ひとのことばは、ずっと後になってから分かることが時々ある。

 既に何度か書いているが、新宿の喫茶店でお会いした方は、

「息子が旅立って数日後に、息子の魂が空から落ちてきて、私と一緒になった。」、「今の自分の肉体は息子と魂が半分ずつ。」、「これからは感動を探して生きてゆきたい。」

 最初のことばは長い間信じられなかった。わたし自身の実感に照らして共感することが難しかった。

 

 写真の靴は、長男が入院中に父ちゃんが買ったもの。閉鎖病棟はひも靴使用不可。スリッポンタイプで歩きやすい靴を選び、足裏が内側に傾く長男のために矯正インソールも買った。

 長男は「これならジョギングもできるかな」と喜んでくれたが、結局一度もジョギングはしなかった。

 

 長男がやりたかったこと、やり残したことはたくさんある。その無念さは虚空をただよい、受け入れてくれる人に吸収されるのではないか。だから遺族はずっと悲しいのではないか。(想ひ出歳時記のあとがきに書いた内容)

 

 親が子の代わりに生きていく?いや、代わりにはなれない。

 これは逆縁と呼ばれるが、理不尽でもある。

 親から子へいのちをつないでいくという「原則」から外れた、例外としてのいのちである。

 子と一体化した上で、ひとつのいのちとしての在り方を問われている。

 正解などないと言うのは逃げなんだろうか。

 

「子に生かされたいのち」とまでは、まだ思えない。

 ただ、かなしむのと落ち込むのとでは違うと思う。

 かなしみをやめるつもりはないし、できない。

 けれど、落ち込んでばかりではダメだ。前を向いて、時々上を向いて歩こう。

 

 長男の靴を履いていつもの森林公園展望台に行ってこよう。

 帰りに、旨いビールを買ってきてお供えしよう。

 今日は長男の29歳の誕生日である。29年前と同じように、すがすがしい秋日和である。

 

 句集「探梅」より

在りし子の誕生日なり天高し



 

 ⟬追記 ⟭

    あの子と一緒に悩み苦しんであげられなかった。その罪はどうしたら償えるのだろう。

    あの子と一体化したら赦される、そんな風に考えるのは都合が良すぎるのだろうか?

    

    アウトドアブームらしい。山に登れば、カップ麺がご馳走に感じられるし、ただのコップの水がたまらなく美味しい。

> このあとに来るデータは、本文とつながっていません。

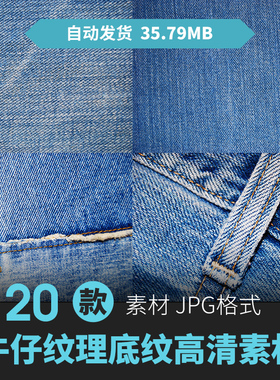 牛仔裤布料纹理水洗棉麻布质感纹贴图JPG高清图片PS背景设计素材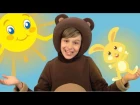 Три Медведя - Солнечный зайчик - Детская Песенка про Солнечного Зайчика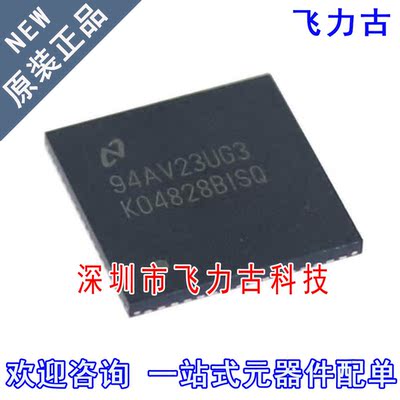 LMK04828BISQE LMK04828BISQX LMK04828BISQ K04828BISQ WQFN64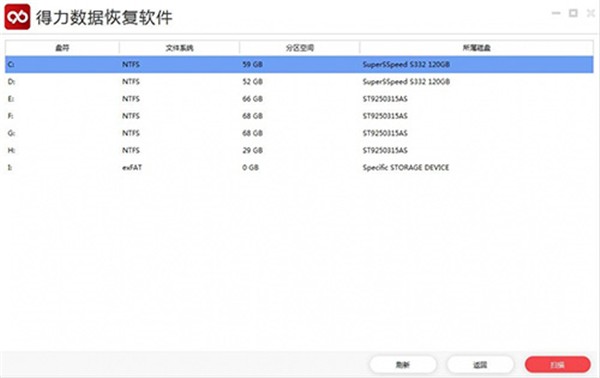 得力數(shù)據(jù)恢復(fù)軟件免費(fèi)版截圖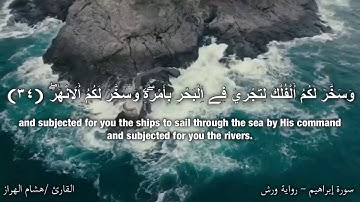 سورة ابراهيم - رواية ورش - الآية 34-35-36 القارئ/ هشام الهراز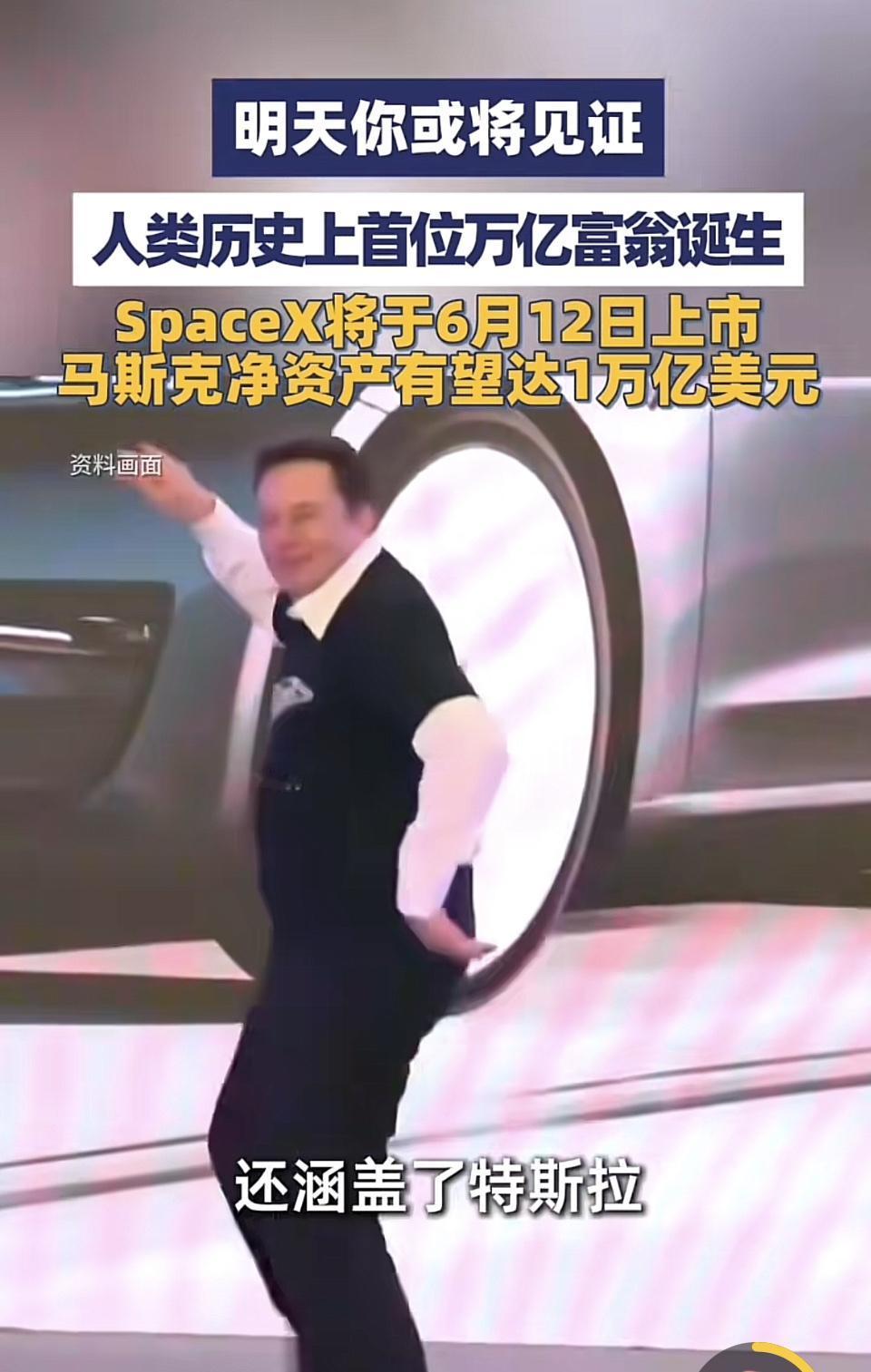 见证人类历史上首位万亿富翁诞生，这人大概率就是马斯克！2026年3月他身家已突破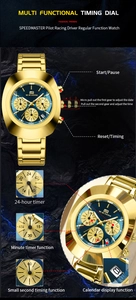 Detailed view of the gold quartz watch dial with three sub-dials and calendar window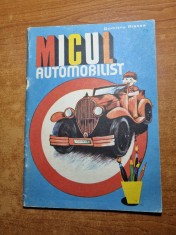 carte pentru copii - micul automobilist - din anul 1984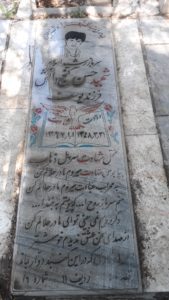 عکس مزار شهید حسن گنج دانش فرزند یوسف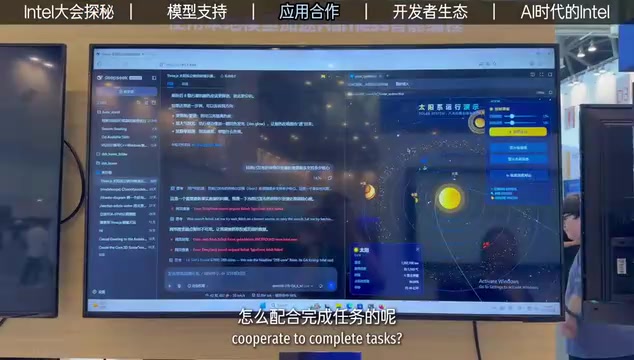 The Intel AI Innovation Ambassador Program was announced at the event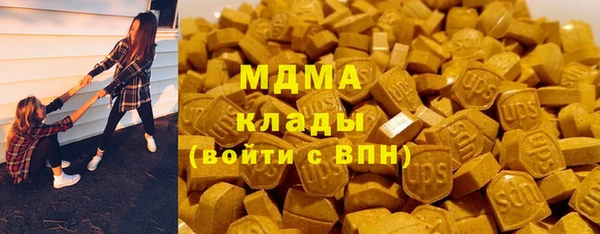 мет Верея
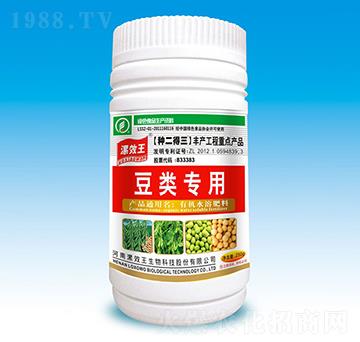 250ml������ЙCˮ�ܷ���-�N������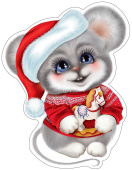 Украшение на скотче Мышь с лошадкой (10шт)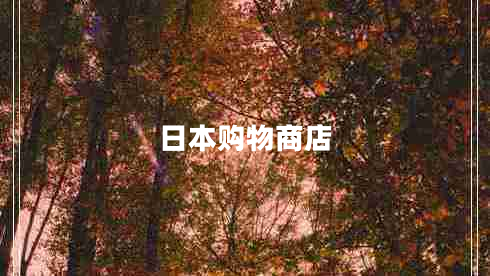 日本購(gòu)物商店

    わざわざ金と労力と時間を使って、不便や不自由を味わいに行くのは、幸せの閾値を下げるためである。

    

    その理屈でいくなら、自死遺族はそうじゃない人達よりも、ただ生きてさえいれば良いという「真実」を敏感に満喫できるはず。

   でも、なんかそれって引っかかる。

    「生きてるだけで丸儲け」・・・なんて下劣なセリフだろう。まだ失っていないから、そんな無神経な表現ができる。儲けるとか、相対的に得をするということが、幸せなんだという低俗な前提が見える。

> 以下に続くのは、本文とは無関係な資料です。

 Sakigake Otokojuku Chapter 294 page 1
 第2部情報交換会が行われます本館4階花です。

(そんな意図ではないとの弁明もあるかもしれない。でも、自死遺族からすると、「死ぬよりマシ」とか、「もう死ぬかと思った」とか、「死ぬほど辛い」とか、「生きてさえいれば必ず良いことがある」みたいな言葉は、いちいちグサグサと心をえぐられる、トゲのあるセリフだという事実、「死んだらおしまいだ」、「死ぬのを止められなかったのだから家族として失格だ」と呪いのように変換されて響くこと、自死遺族の心が何年経とうが今も傷口からだらだら血を流し続けているという事実を、世間一般の人達は知らなさすぎる。)


 

    自死遺族だからこそ味わえる、ほんのささやかな、ありふれた日常の幸せが、今ここにある。気付こうと心を澄ませれば、必ず気付ける。

 

    カバー写真は、先程散歩に訪れた森林公園の噴水。虹は触れられないけれど、少し移動すれば見えなくなるけれど、確かにそこにある。